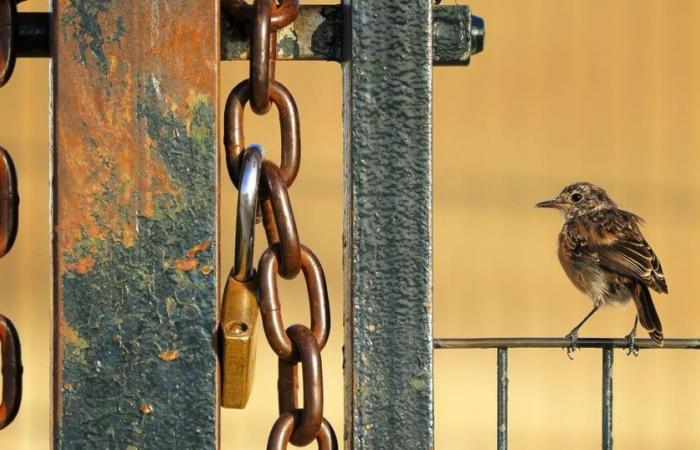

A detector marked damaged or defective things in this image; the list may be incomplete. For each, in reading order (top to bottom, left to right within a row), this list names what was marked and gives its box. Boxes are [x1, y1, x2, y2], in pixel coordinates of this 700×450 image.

rusty metal post [52, 1, 219, 446]
corroded metal edge [52, 2, 219, 446]
corroded metal edge [221, 4, 478, 65]
rusty metal post [344, 0, 434, 446]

■ ■ ■ ■ ■ ■ ■

> YOUR TASK
Once the pictures are removed, write out all of the entries above exactly.

> TASK OUTPUT
A detector marked damaged or defective things in this image; the list may be incomplete. For each, in reading order (top to bottom, left to right within a row), this list names what was marked and gives its box. Boxes are [x1, y1, x2, y2], in pixel coordinates of this 700×450 image.

rusty metal post [52, 1, 219, 446]
corroded metal edge [52, 2, 219, 446]
corroded metal edge [221, 4, 478, 65]
rusty metal post [344, 0, 434, 446]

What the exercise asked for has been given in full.